Les attaques des groupes djihadistes – certains affiliés à Al-Qaida, d’autres à l’organisation Etat islamique – ont fait au moins 1 200 morts et chassé de leurs foyers un million de personnes, qui s’agglutinent dans les grandes villes.
« Des résultats entachés d’irrégularités »
Cela ne devrait toutefois pas empêcher la validation des résultats, l’Assemblée nationale ayant adopté en août une modification du code électoral afin que les élections soient valables, même si elles ne peuvent pas avoir lieu sur l’ensemble du territoire.
Le nouveau code précise qu’« en cas de force majeure ou de circonstance exceptionnelle (…) entraînant l’impossibilité d’organiser les élections sur une partie du territoire national, l’élection est validée sur la base de la partie non affectée par la force majeure ».
Elu en 2015, le président Roch Marc Christian Kaboré, qui brigue un second mandat, est favori face à douze adversaires, dont Zéphirin Diabré, chef de file de l’opposition, et Eddie Komboïgo, candidat du parti de l’ancien président Blaise Compaoré, dont le régime tombé il y a six ans fait l’objet d’une nostalgie croissante.
Après ses accusations de samedi, l’opposition a une nouvelle fois estimé lundi que le double scrutin présidentiel et législatif était « émaillé de fraudes », réitérant sa menace de ne pas accepter des « résultats entachés d’irrégularités ».
L’opposition « émet de très fortes réserves sur la sincérité et la crédibilité des résultats », a déclaré au nom de l’opposition Tahirou Barry, l’un des candidats à la présidentielle, lors d’une conférence de presse à Ouagadougou.
Une victoire dès le premier tour ?
« En tout état de cause, les signataires de l’accord politique [de l’opposition] n’accepteront pas des résultats entachés d’irrégularités et qui ne reflètent pas la volonté du peuple burkinabé », a ajouté M. Barry, qui s’exprimait aux côtés de cinq autres candidats à la présidentielle dont MM. Diabré et Komboïgo.
Le clan présidentiel a promis, comme en 2015, une victoire au premier tour de ce scrutin considéré comme le plus ouvert de l’histoire du Burkina qui a connu de multiples coups d’Etat depuis son indépendance.
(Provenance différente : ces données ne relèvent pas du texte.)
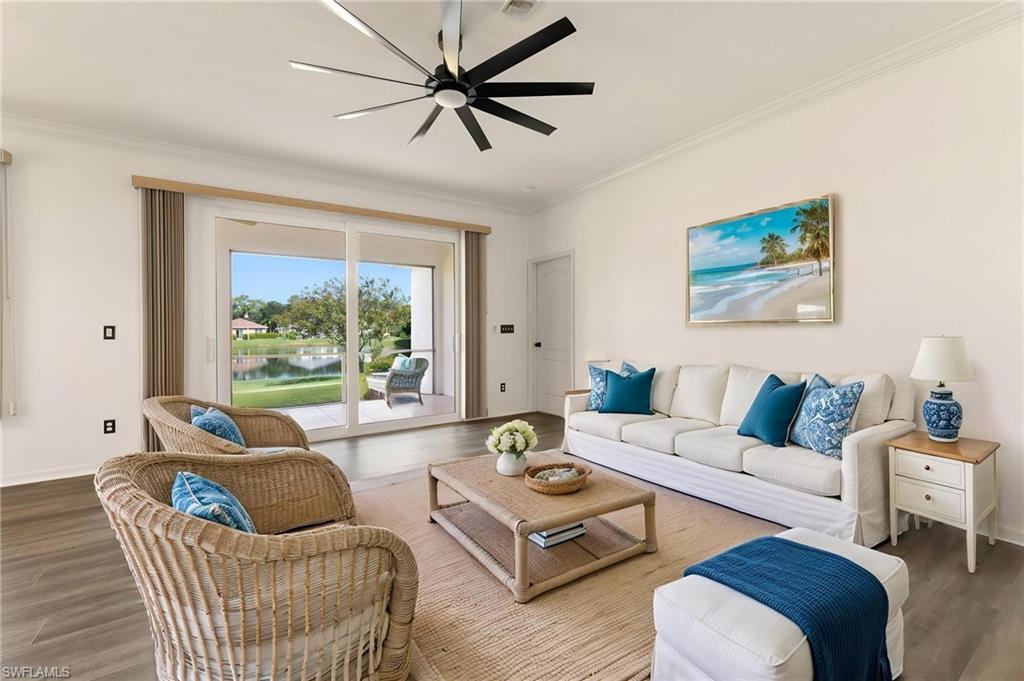 Spacious living area featuring wood-finish flooring, a contemporary ceiling fan, and crown molding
Sans exhiber de preuves, l’opposition burkinabée avait déjà affirmé samedi qu’une « fraude massive » était en préparation, menaçant dans les mêmes termes de ne pas reconnaître « des résultats entachés d’irrégularité ». « Il est absolument inconcevable après avoir parcouru tout le Burkina Faso de penser avoir un parti gagnant dès le premier tour », avait notamment indiqué M. Diabré.
Une victoire dès le premier tour permettrait à Roch Kaboré d’éviter un second tour contre un candidat soutenu par l’ensemble de l’opposition.
Dimanche, les Burkinabés faisaient, eux, surtout état de leur inquiétude quant à la situation sécuritaire : « On attend beaucoup de la sécurité. On sait que ce n’est pas facile, mais on aimerait qu’il y ait la paix, qu’il y ait le pardon entre les Burkinabés et que l’on puisse vivre ensemble tranquille », disait ainsi Abdoulaye Koula, électeur à Ouagadougou.